TUI Travel PLC has called for an industry standard on reporting fuel and carbon efficiency for UK airlines. They want a set of common metrics to report aviation carbon emissions to ensure greater transparency so that customers can make informed decisions about which airlines to choose.
Last year the European Union postponed the imposition of the Emission Trading Scheme to international carriers, a system intended to put a price on carbon pollution and to encourage the industry to reduce emissions. The travel and tourism industry contributes about 5% of global CO2 pollution with aviation carbon emissions accounting for 40% of the travel and tourism sector’s emissions and around 2% of global emissions. Furthermore, on current trends the proportion of carbon pollution resulting from travel and tourism is expected to increase.
Although the issue has gone out of the headlines, carbon pollution accelerates and continues to contribute to climate change with adverse impacts on us, other species and the environment. For example, there has been little mention of carbon pollution in the debates about the expansion of London’s airport capacity. Around 25% of all the passengers at Heathrow are transit passengers, not flying direct; contributing to the shortage of slots, one of the main reasons for seeking an increase in capacity; and each of those passengers has at least one or more take-off and landings than is really necessary to get from A to B, to reduce aviation carbon emissions passengers should be flying direct. It can be argued that airport expansion at Heathrow creates commercial opportunities for BA but provides little benefit to UK plc, those transit passengers contributing next to nothing to the UK economy.

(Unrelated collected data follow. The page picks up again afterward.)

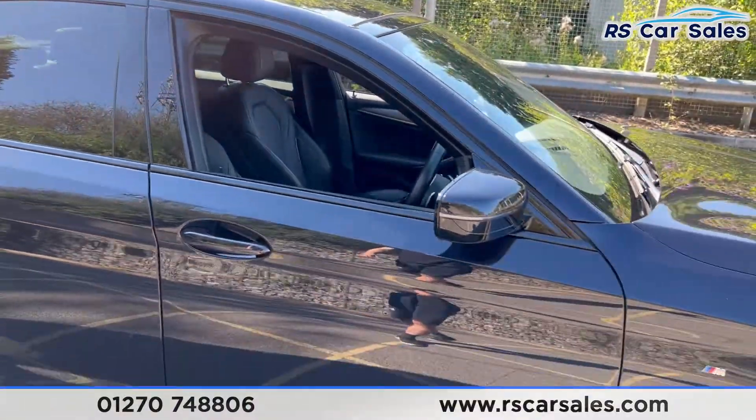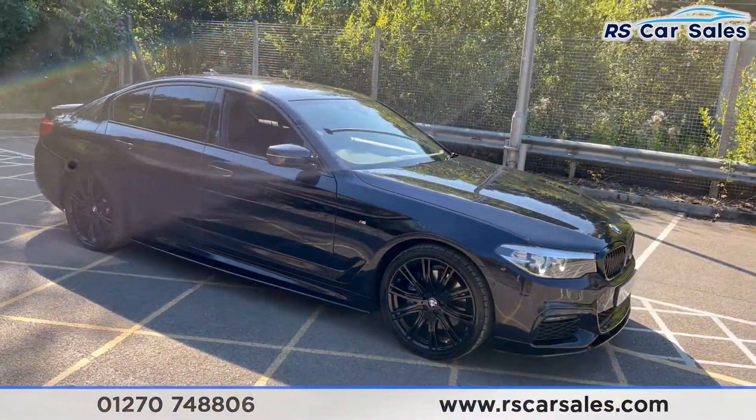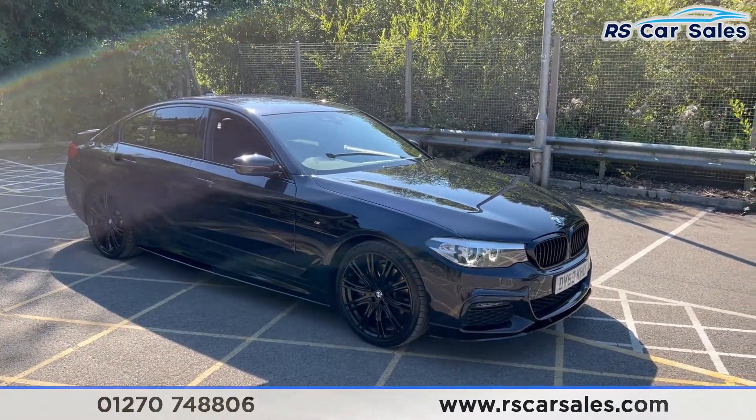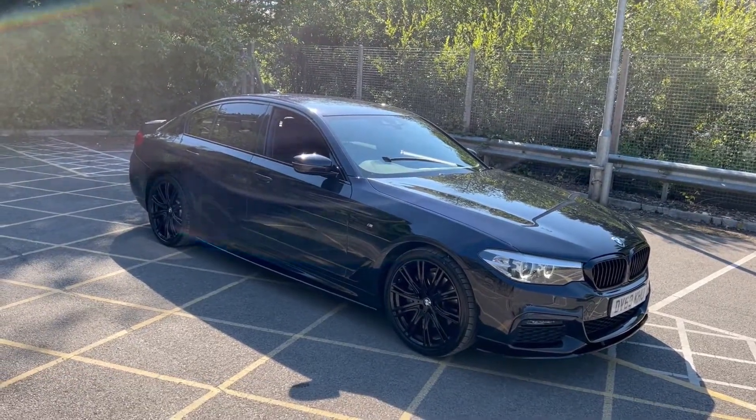This vehicle is yet to have a full clean. Once it does, we'll do a full walk-around video going through all the different specifications that come with this vehicle. It is available to take away today with free collection or nationwide next-day delivery. It is HPI clear, comes with a fresh service, and we do offer competitive finance. Thank you very much for watching.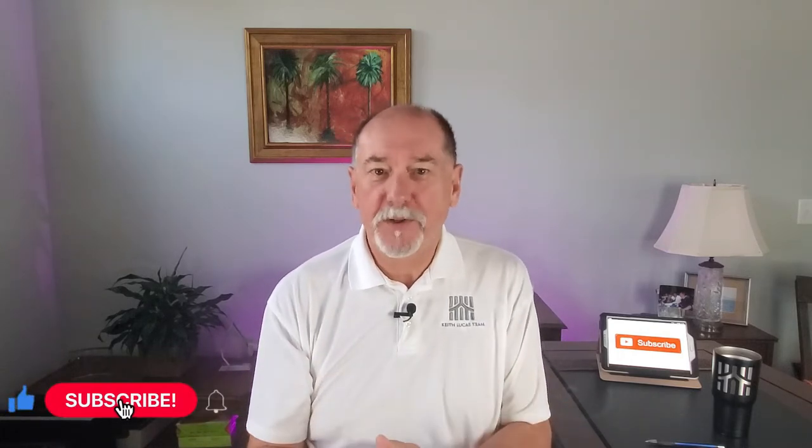I'm Keith Lucas with eXp Realty and welcome to my channel. If it's your first time here, please hit the subscribe button and hit that bell as well so you'll be notified when I drop my new videos. Okay then, let's dive in.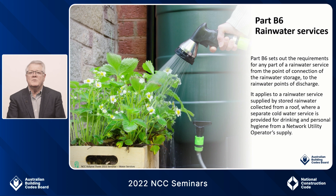Let's move on to Part B6 rainwater services. The rainwater harvesting and use part of NCC 2019 has been split into two parts in NCC 2022 — one pertaining to rainwater services and one to rainwater storage. There haven't been any technical changes to the provisions from NCC 2019; however, this has been a significant formatting change. Generally, the code considers that where drinking water is provided by a network utility operator, a rainwater service is provided for non-drinking purposes such as toilet flushing and garden taps. In rural areas where rainwater is the only source of water used for drinking, this is a cold water service. Additional clarity has also been provided through the introductions to each part.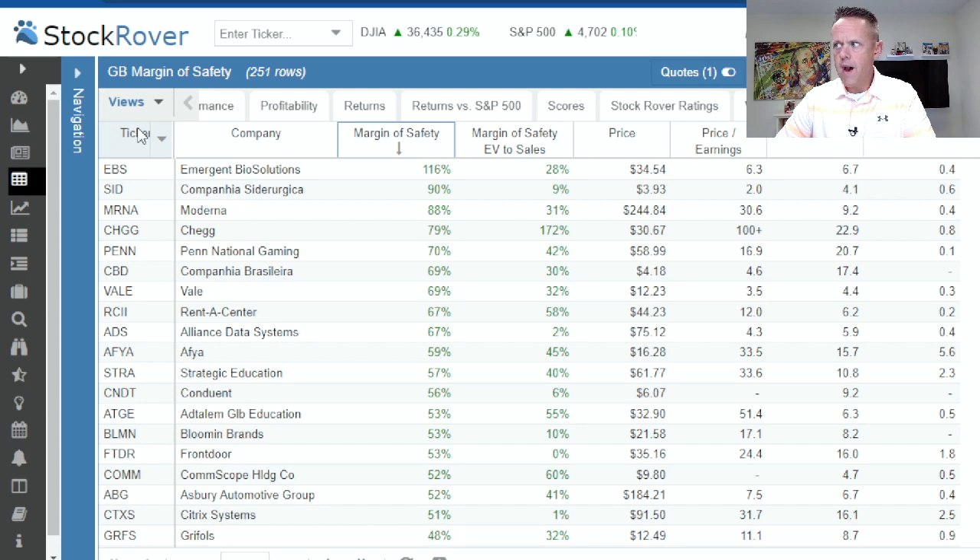Here's what we've got on this table: ticker symbol, company, margin of safety — which is a Stock Rover metric — margin of safety enterprise value to sales, which is more or less a math calculation, price today, price to earnings, forward PE, and forward PEG ratio. For most of these stocks we'll have an EPS to ground us in our valuation. If you see missing information, it's probably because the company either doesn't have an EPS or in some cases will build one into the future. I'm not going to go over all these names one by one — I'm just going to pick out the ones I recognize and am familiar with.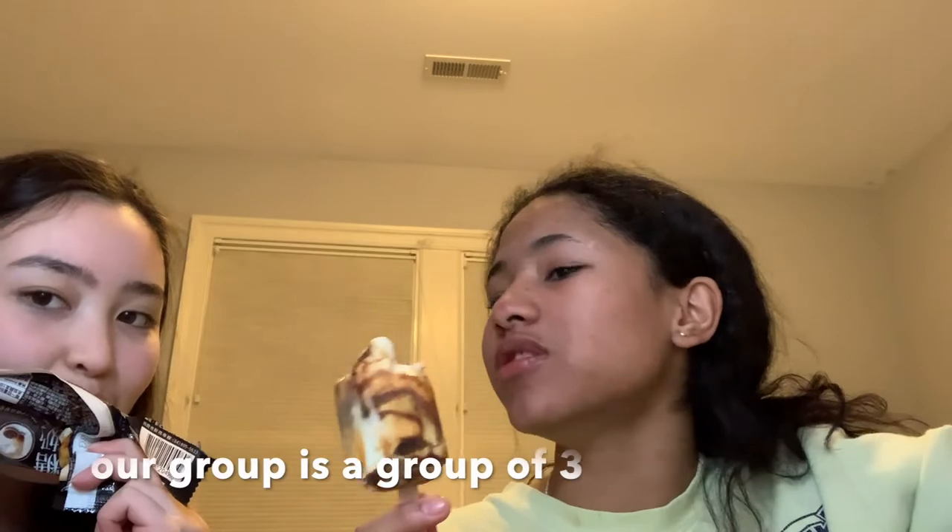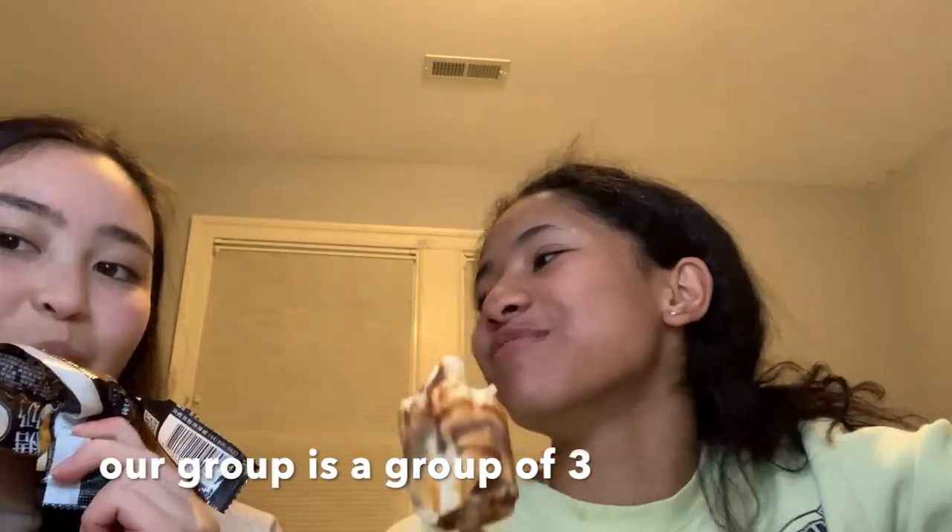These are good. I like them. What would you give it? 7.5. I might give it an 8. I like the flavor — a 7.5. It's ice cream.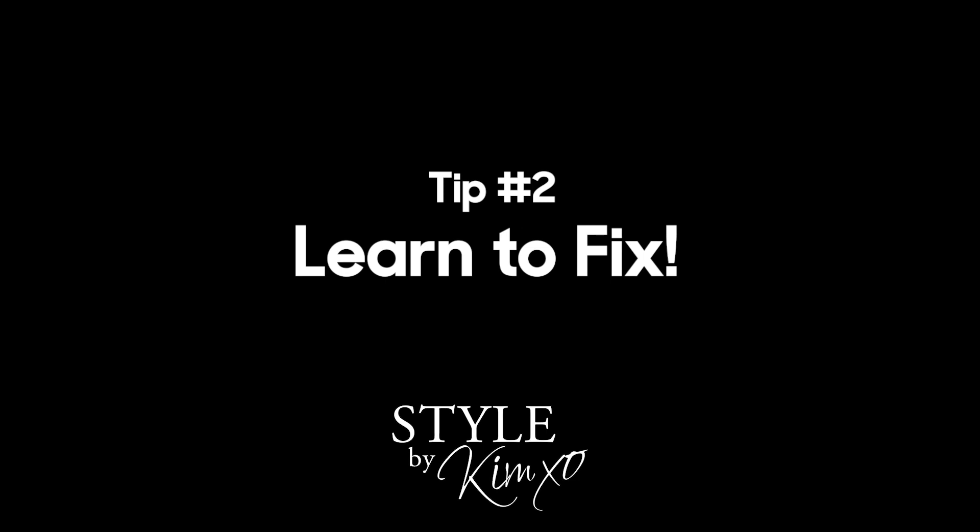Tip number two: learn to fix anything that's damaged. When you're cleaning out your closet, maybe you have a sweater or a shirt that's missing a button. Instead of throwing it into a donation pile or garbage pile, why don't you take five minutes to Google how to sew on a button if you don't know. Grab a sewing kit — the dollar store has them, and hotels have them too. If it has a stain, go put some stain remover on it. Fix the clothes you have, take notice, clean them up, give them some love and put them back in. You don't need to just throw them out.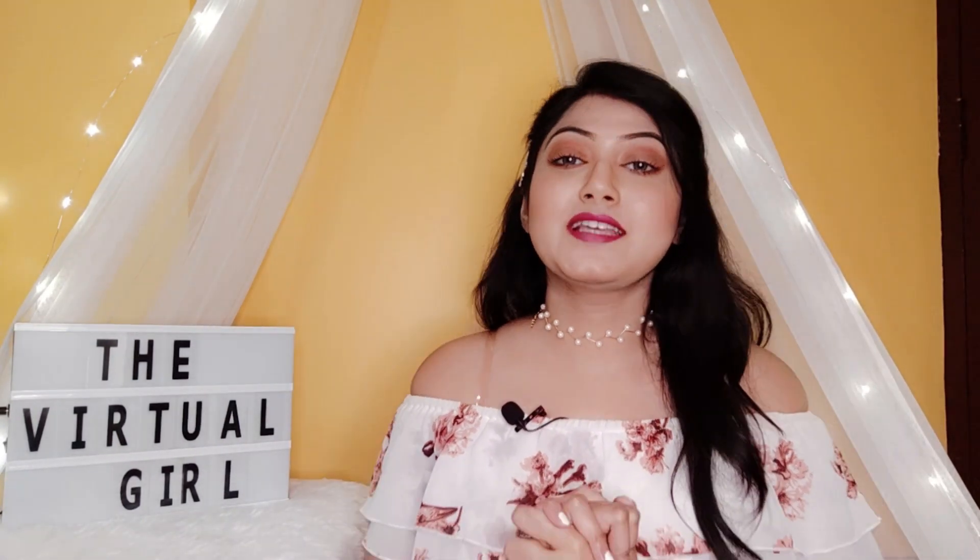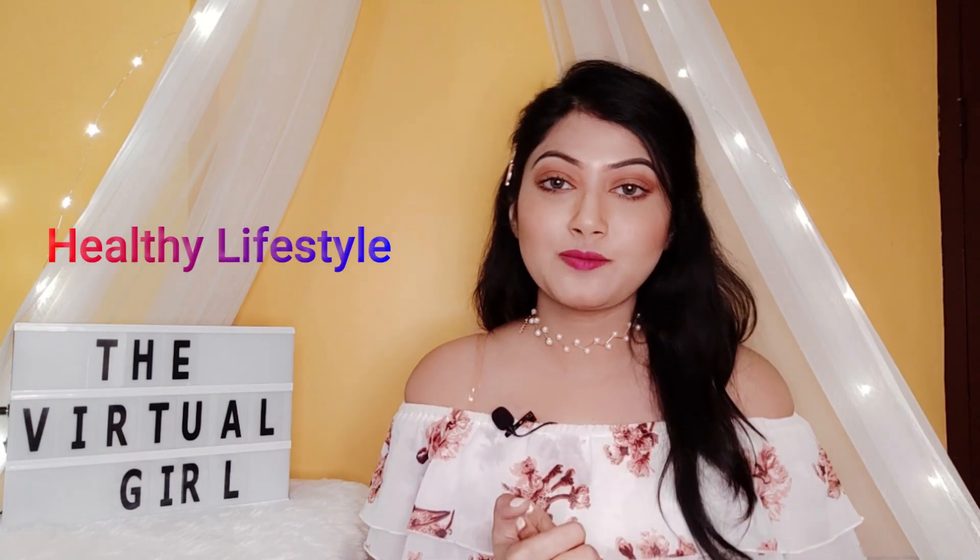If you have not seen my previous two videos for this wedding series, I will link them down in the description box. So now without wasting any more time, let's jump into the video. The first thing I will be discussing is taking a proper diet. Diet is very important — if you are not fresh and fit from within, then even if you apply tons of makeup you will not be able to achieve that radiant glow.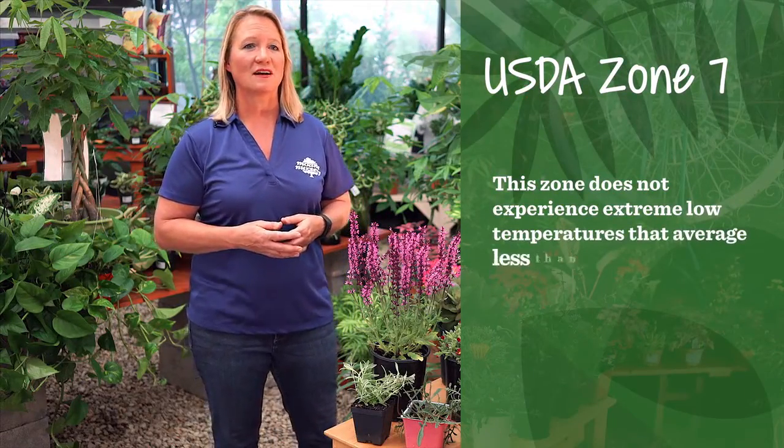For those reasons, we want to see people pick plants for their yard that will not suffer from those temperature changes. Zone 7 describes a climate that doesn't experience extreme lows that average any lower than zero degrees.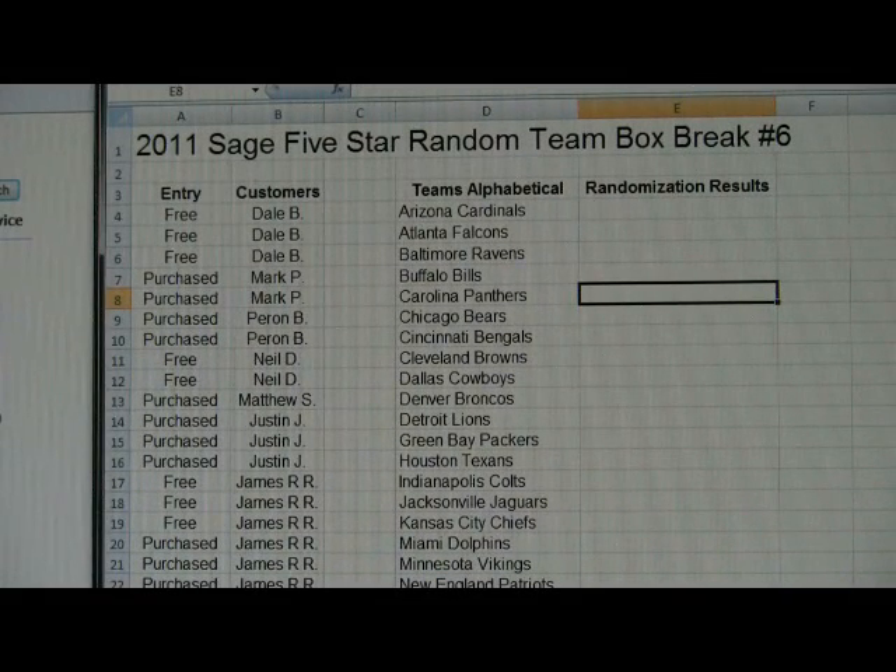Hey gang, this is Al from BoxBreakings.com. We're here for the randomization portion of the 2011 Sage 5 Star Random Team Box Break No. 6.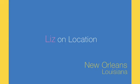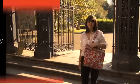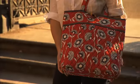This is Liz on Location in New Orleans, Louisiana. We love red this season, and Deco Daisy is a striking example — an art deco-inspired floral on a red ground.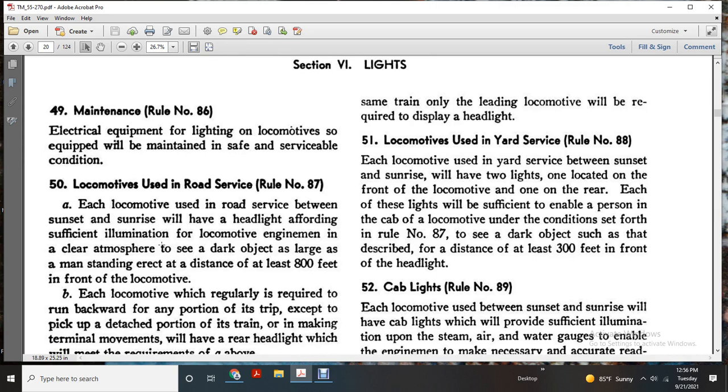Rule number 87. Each locomotive used in road service between sunset and sunrise will have a headlight of sufficient illumination so that, in a clear atmosphere, a dark object such as a man standing will be visible at a distance.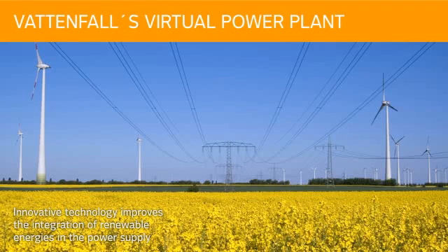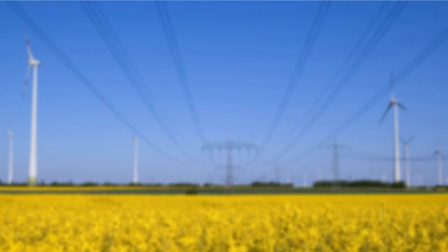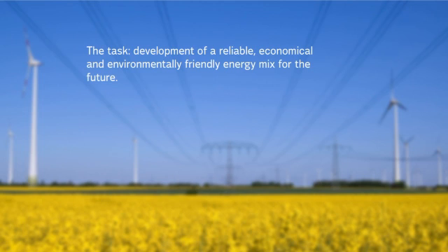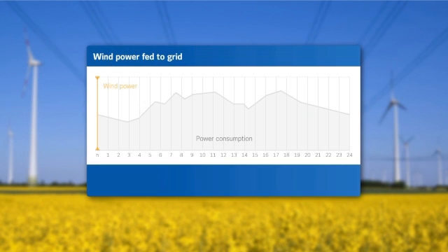Vattenfall's Virtual Power Plant — innovative technology that improves the integration of renewable energies in the power supply. We face the task of achieving a secure, affordable energy supply while meeting the demands for environmental protection, both today and in the future. Renewable energies play a key role here, with wind power leading the way.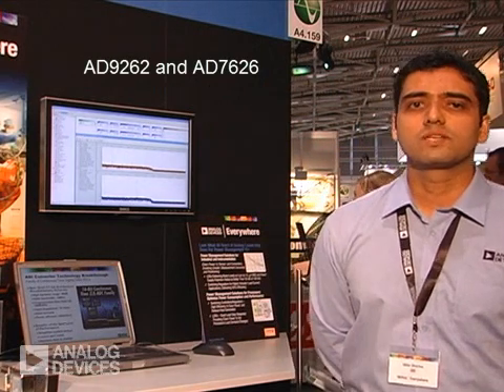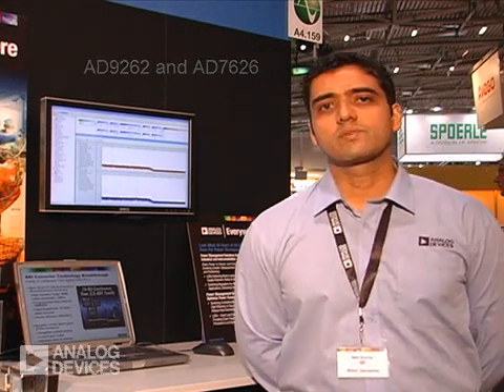Two such advancements are the AD9262 and the AD7626. The AD7626 is a 16-bit, 10-megasample SAR with 93 dB SNR and 130 milliwatts power consumption. For more information on the AD7626, please visit our website at analog.com.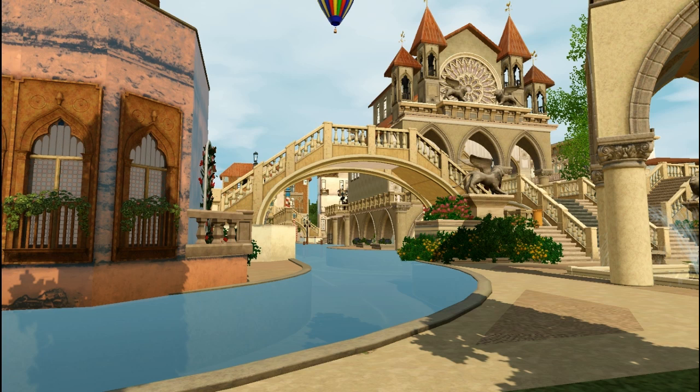Hey guys, it is me, Lifesimmer, and welcome to the latest and final Sims 3 store set. It is crazy to be saying that, but I can't believe it's like the last one.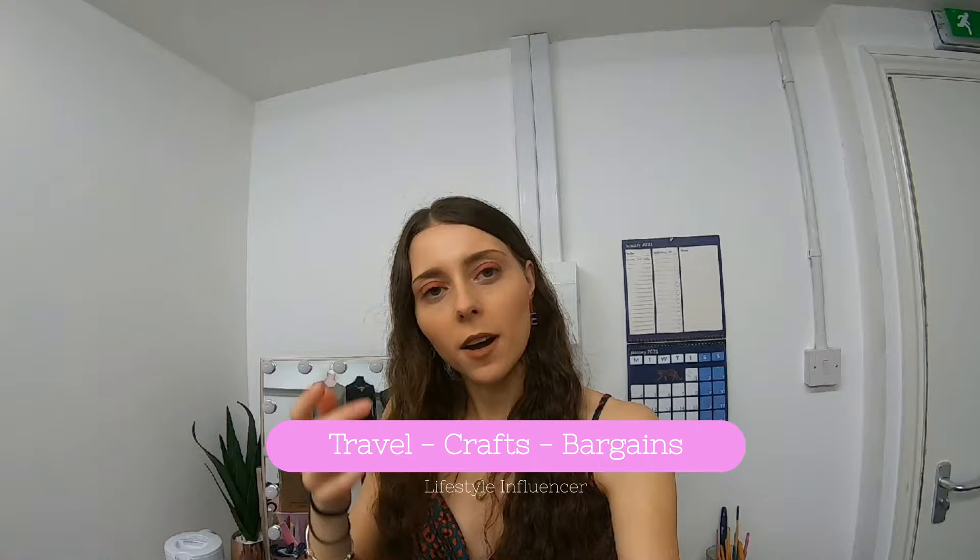Hello guys and welcome back to another vlog. Today this is going to be a day-in-the-life vlog, because on Monday we're going out to London so I'm going to do another travel vlog. If you're new here, I'm Sonia — I do travel, bargains, and craft videos, so please subscribe. Today I'm just going to do a little business day.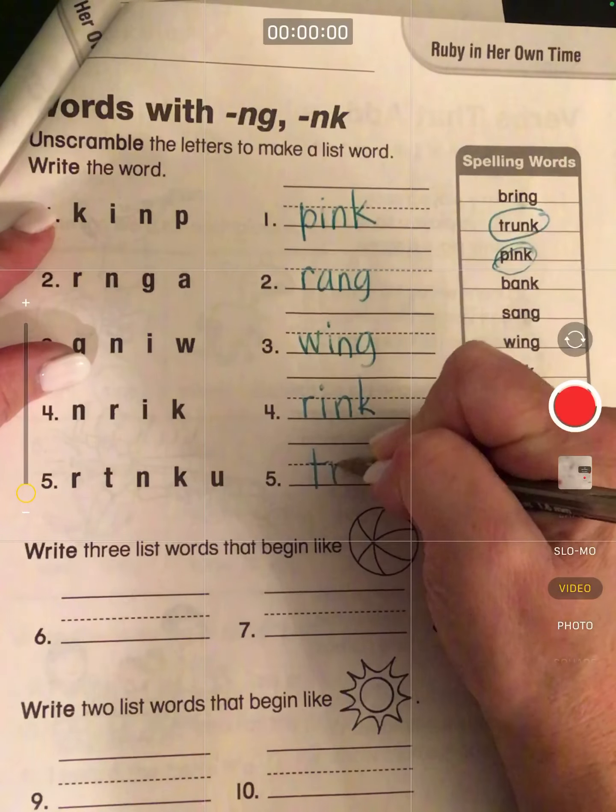Boys and girls, I'm so proud of your hard work this week. I want you to take this home and show your parents all the wonderful things that you worked on and how you did your very best work. So you're going to put this in your take-home folder and have a great weekend.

The principle that the polluter pays has long been established and it will eventually impact on the travel and tourism industry. In October the European Union will decide whether the International Civil Aviation Organisation has done enough to persuade the EU not to impose the ETS on international airlines landing in Europe. Many will argue that to impose the ETS only on European airlines would be discriminatory.
An international tax on aviation fuel would give those operators working to reduce their emissions per passenger km a reward and an incentive to do more, and penalise those who are not reducing the pollution they cause. An international tax would price a level playing field, ensuring fair competition, and it could raise a large fund, which could be administered internationally, to assist with research into lower carbon intensity flight and to mitigate climate change impacts in poor countries and those most severely impacted by sea level rise, drought and flooding.
Aviation carbon emissions at WTM 2012
At WTM this November there is a panel on Tuesday 5th at 13:00 on decarbonising travel and tourism. Chaired by Martin Brackenbury we’ll be looking at how consumers might be empowered to make less carbon polluting choices, at what tour operators, hoteliers and airlines can do to reduce carbon pollution.
On Wednesday 6th at 10:30 there is a round table question time with Stephen Sackur, of the BBC programme HARDTalk quizzing three industry leaders about what the industry is doing about carbon emissions and what more can be done. The three panellists are Gerald Lawless, President and Group Chief Executive Officer, Jumeirah Group, Johan Lundgren, Deputy Chief Executive TUI Travel PLC, and Marthinus van Schalkwyk, now Minister of Tourism in the Cabinet of South Africa and the former Minister of Environment who led the SA delegation to the United Nations Framework Convention on Climate Change negotiations for five years.
TUI Travel currently reports its airlines’ carbon emissions per revenue passenger kilometre (gCO2/RPK), a frequently used standard, but there is no standard way of reporting carbon efficiency, and some airlines are still not reporting their carbon emissions. In their latest Sustainable Holidays Report, TUI Travel announced that it had reached its target of reducing absolute and relative carbon emissions by 6% two years early, and they have now set a stretch target of reducing TUI Travel’s airlines’ per passenger carbon emissions by 9% by 2015 over a 2008 base line.